Original project description for BaCaTec

MediaWiki is the software that runs Wikipedia. Content is written in Wikitext, a markup and programming language that has evolved over eight years without any formal description. Its semantics is the implementation of the MediaWiki software. The open source research group at the Friedrich-Alexander-University of Erlangen-Nürnberg is reengineering this language to create a new alternative parser and execution engine that will allow for significantly improved machine processing of the content found in Wikipedia. To this end, the research group is collaborating with the Wikimedia Foundation in San Francisco, CA, U.S.A. which has led to the BaCaTec travel grant.

Results of sponsorship

BaCaTec supported the travel of Prof.

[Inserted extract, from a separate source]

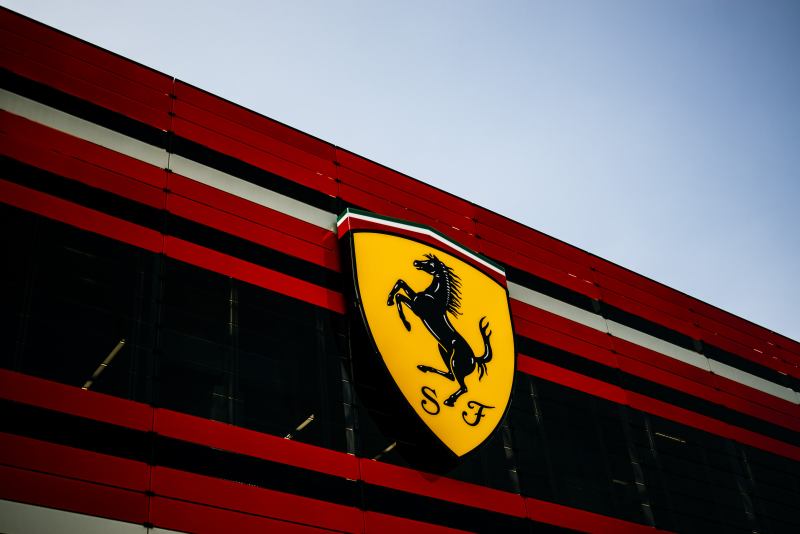 Ferrari potwierdziło, że mechanik doznał złamania nogi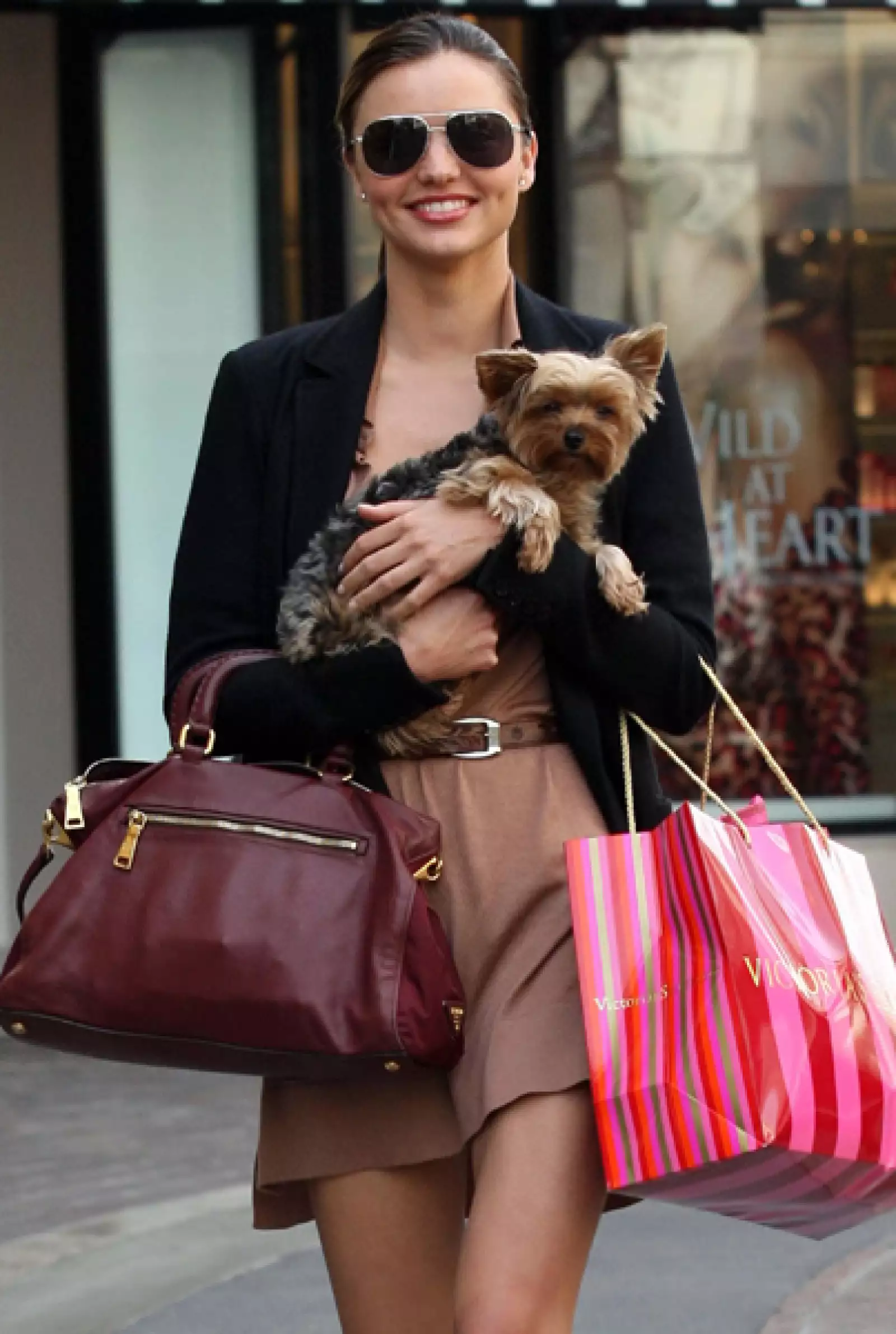 Para destacar su look semiformal, Miranda Kerr incluye un cinturón delgado color marrón.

Riehle and Ph.D. student Hannes Dohrn to California to meet and talk to the Wikimedia Foundation, provider of Mediawiki, the software running Wikipedia. Hannes Dohrn, a Ph.D. student and „wissenschaftlicher Mitarbeiter“ of the group subsequently designed and implemented a Mediawiki-compatible parser for Wikitext, the content (markup) language of Wikipedia. Google (Mountain View, California) later supported this work with a US$ 50.000 grant to the research group. From a practical perspective, the result is a full parser in wide use in research and industry. The source code can be found at http://sweble.org as the Sweble open source project. From a research perspective we have gained a platform from which to expect more research results, including the dissertation of Dipl.-Inf. Hannes Dohrn on wiki content transformations. A couple of published papers and reports detail this work on the group’s website at / and on Prof. Riehle’s website at http://dirkriehle.com/publications.